An intriguing finding is the persistence of improved survival for removal of more than 11 nodes among patients with grade 3 cancers, when those with proven nodal metastasis were excluded from the analysis. The authors hypothesize that the removal of occult (micro)metastatic disease that remains undiagnosed by the pathologist accounts for this therapeutic benefit. This raises the question as to whether the sentinel node concept would be the ideal solution to the problem of weighing the potential benefit of extensive lymphadenectomy limited to some patients, against the added toxicities to which all patients are exposed. In breast cancer, it has been shown that removal and meticulous analysis of sentinel nodes with serial sectioning and immunohistochemistry more adequately identifies occult nodal involvement, while sparing the majority of patients without nodal metastases the risks of more extensive procedures. First results from sentinel node studies in endometrial carcinoma17-19 have shown that the combined use of radiocolloid labeling and patent blue results in an sentinel node detection rate of 82% to 94%, with identification of two to three sentinel nodes per patient, which are located in the obturator, external iliac, and/or para-aortic regions. In the study by Barranger et al,18 macrometastases were identified in three sentinel nodes from two patients, while immunohistochemical analysis identified six micrometastatic sentinel nodes and one sentinel node containing isolated tumor cells in three other patients. No false-negative sentinel nodes were observed. Additional larger studies are needed to further explore this concept and develop reliable sentinel node detection procedures, which might greatly benefit the management of patients with endometrial cancer by adequately detecting microscopic spread, while sparing most patients an unnecessary and potentially harmful lymphadenectomy.
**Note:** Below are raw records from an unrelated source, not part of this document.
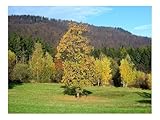 1000 Teile Klassisches Puzzle für Erwachsene Und Kinder-Feld,Herbst,Gras 70x50cm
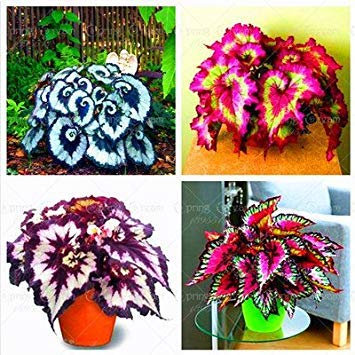 RIC 100 pcs/Begonia Bag Seeds Bonsai Flower Seeds Courtyard Balcony coleos Seeds Begonia Plants in vase for The Garden Garden Mix: only Seeds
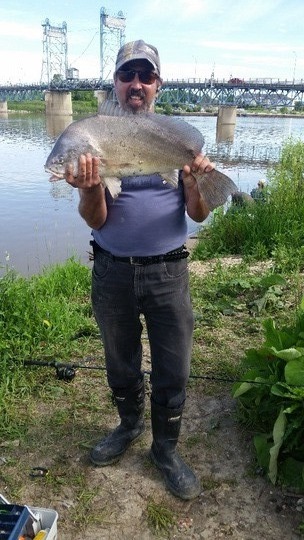 Freshwater Drum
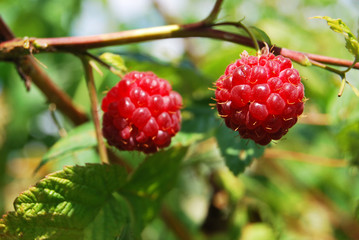 Raspberry, two red berries grow on a bush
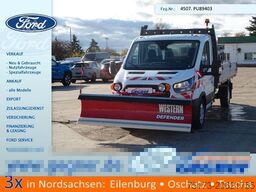 FORD Transit 350L3 Kipper Winterdienst Schild+Streue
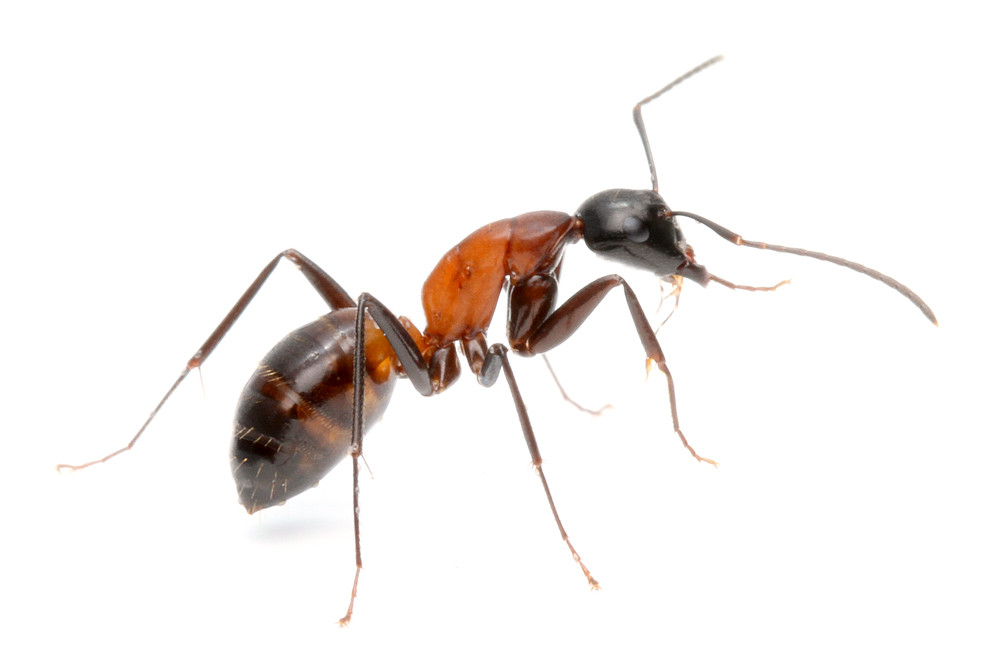 ニシムネアカオオアリとムネアカオオアリ ありんこ日記 Antroom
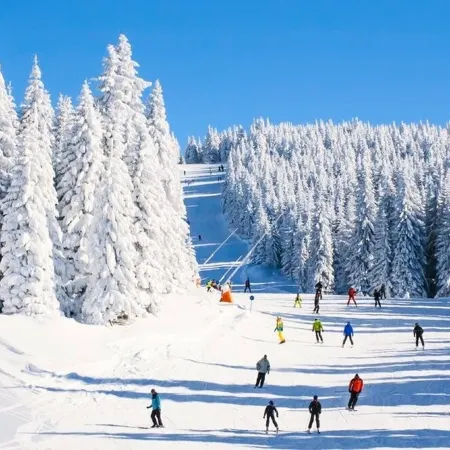 Luxe 10 guest Ski Chalet /Skiing/Pools/Tennis/Gym/Golf/Hiking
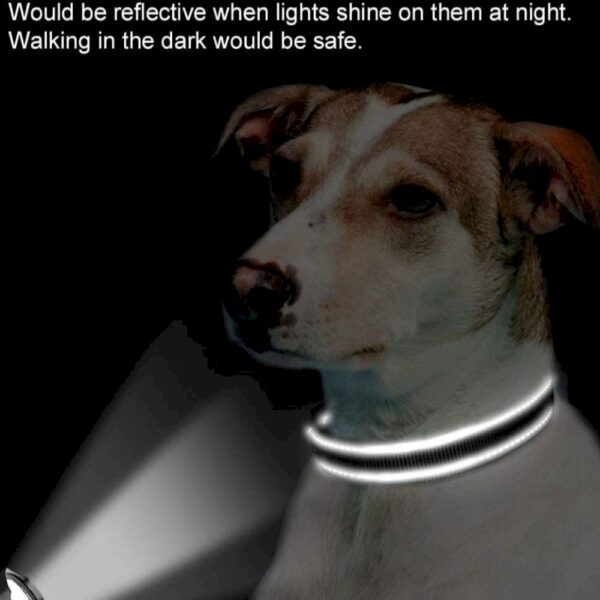 Reflective Nylon Pet Collar - Image 4
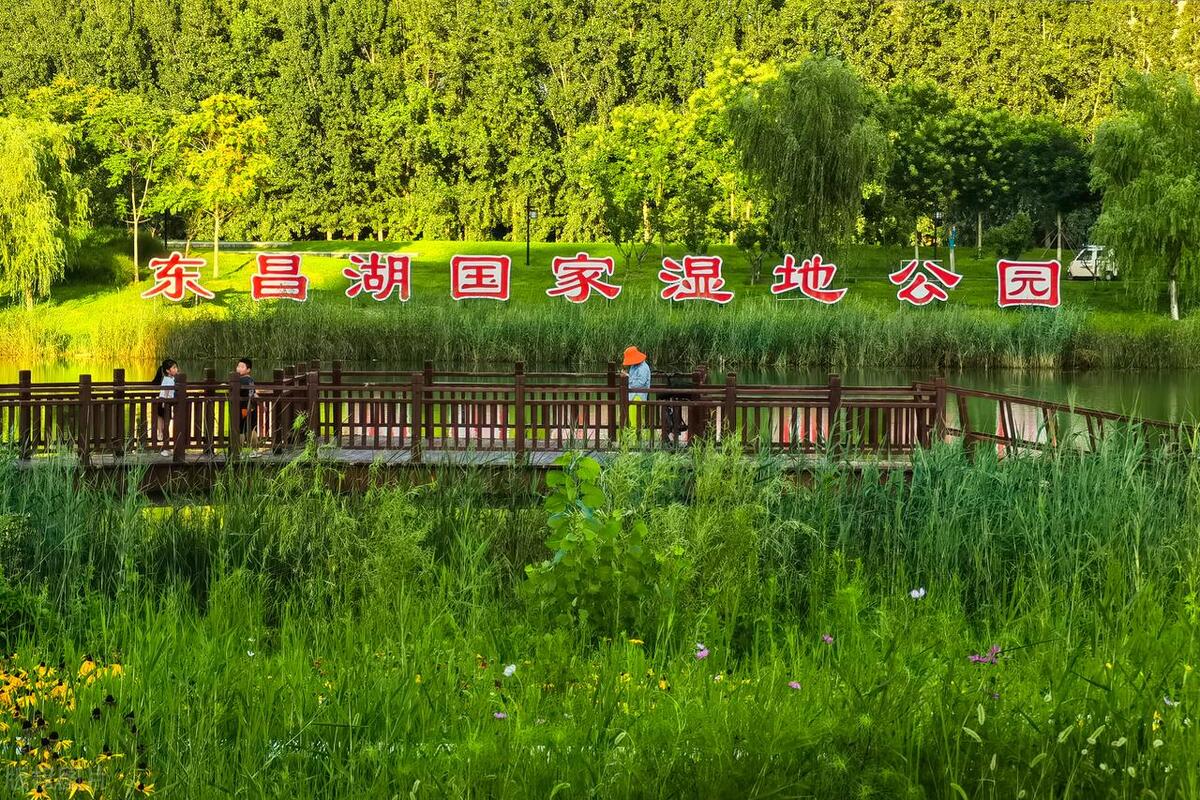 山东聊城重大工程项目,聊城2023工程项目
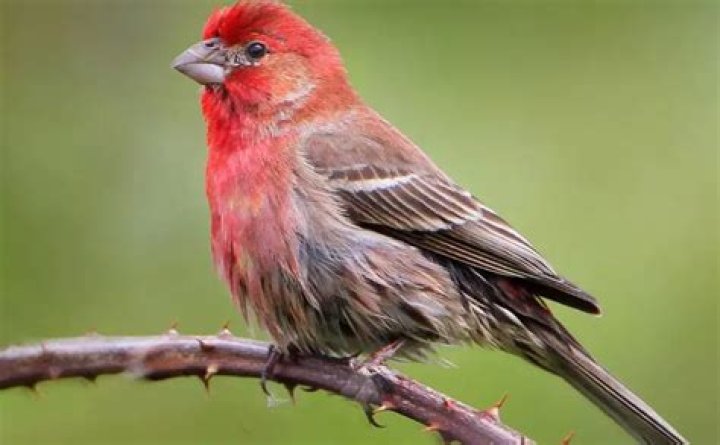 What is a red headed finch called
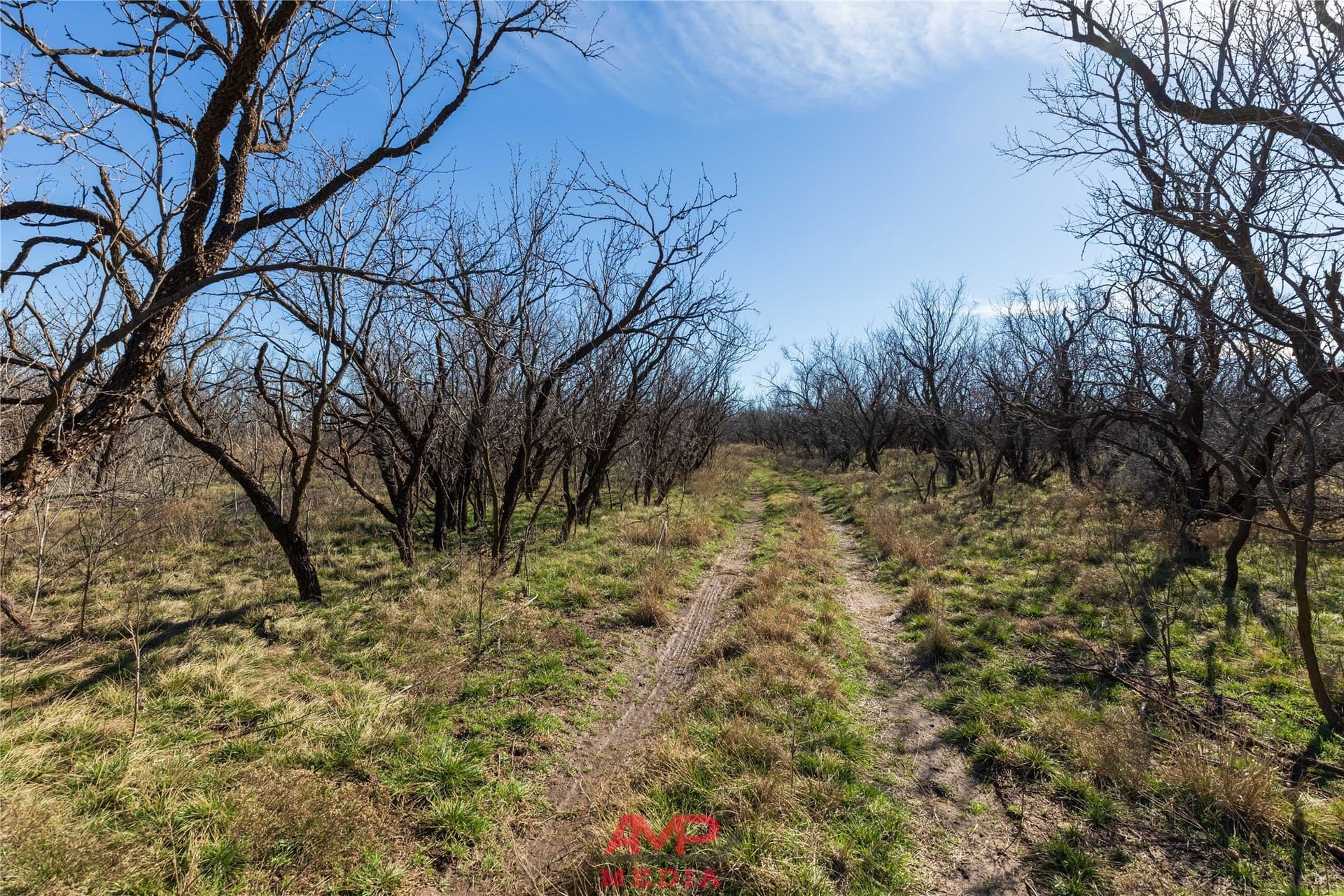 186.3 acres in Jones County - photo 2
Patients with proven nodal involvement can then be enrolled on studies of radiation therapy with concomitant chemotherapy to further improve their outcome.
The first multicenter randomized trial to determine the value of standard lymphadenectomy for stage 1 and 2 endometrial carcinoma, the UK Medical Research Council-ASTEC study, is nearing accrual completion and will hopefully provide definitive, unbiased information as to the role of lymphadenectomy in intermediate- to high-risk endometrial cancer. In the light of the current findings, its analysis should include clear data on the completeness of lymphadenectomy and the number of nodes removed.
Author's Disclosures of Potential Conflicts of Interest
The author indicated no potential conflicts of interest.